Discretizer for graphical Models

class pyAgrum.lib.discretizer.Discretizer(defaultDiscretizationMethod='quantile', defaultNumberOfBins=10, discretizationThreshold=25)

Represents a tool to discretize some variables in a database in order to obtain a way to learn a pyAgrum’s (discrete) Graphical Model.

Warning

  • The data are represented by tabular data (X and possibly y) where the columns are the variables and the rows are the samples. Generally, X can be replaced by a the name of a csv file.

  • In the case of a classification, y is the class variable and X are the features. y has not to be binary.

Parameters:
  • defaultDiscretizationMethod (str) – sets the default method of discretization for this discretizer. Possible values are: quantile, uniform, kmeans, NML, CAIM and MDLP. This method will be used if the user has not specified another method for that specific variable using the setDiscretizationParameters method.
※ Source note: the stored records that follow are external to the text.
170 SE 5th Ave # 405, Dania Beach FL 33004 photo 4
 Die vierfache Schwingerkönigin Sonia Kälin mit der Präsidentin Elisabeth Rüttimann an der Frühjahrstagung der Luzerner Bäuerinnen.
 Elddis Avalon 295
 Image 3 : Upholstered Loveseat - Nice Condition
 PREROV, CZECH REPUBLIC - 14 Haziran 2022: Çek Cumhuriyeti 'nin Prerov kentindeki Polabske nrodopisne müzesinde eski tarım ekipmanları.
  • defaultNumberOfBins (str or int) – sets the number of bins if the method used is quantile, kmeans, uniform. In this case this parameter can also be set to the string elbowMethod so that the best number of bins is found automatically. If the method used is NML, this parameter sets the the maximum number of bins up to which the NML algorithm searches for the optimal number of bins. In this case this parameter must be an int If any other discretization method is used, this parameter is ignored.

  • discretizationThreshold (int or float) – When using default parameters a variable will be treated as continuous only if it has more unique values than this number (if the number is an int greater than 1). If the number is a float between 0 and 1, we will test if the proportion of unique values is bigger than this number. For example if you have entered 0.95, the variable will be treated as continuous only if more than 95% of its values are unique.

audit(X, y=None)

Audits the passed values of X and y. Guess which columns in X are already discrete and which need to be discretized, as well as the discretization algorithm that will be used to discretize them The parameters which are suggested will be used when creating the variables. To change this the user can manually set discretization parameters for each variable using the setDiscretizationParameters function.

Parameters:
  • X ({array-like, pandas or polars dataframe} of shape (n_samples, n_features) or str (filename)) – training data

  • y ({array-like, pandas or polars dataframe} of shape (n_samples,) or str (classname)) – Target values

Returns:

Dict

for each variable, the proposition of audit

clear(clearDiscretizationParameters=False)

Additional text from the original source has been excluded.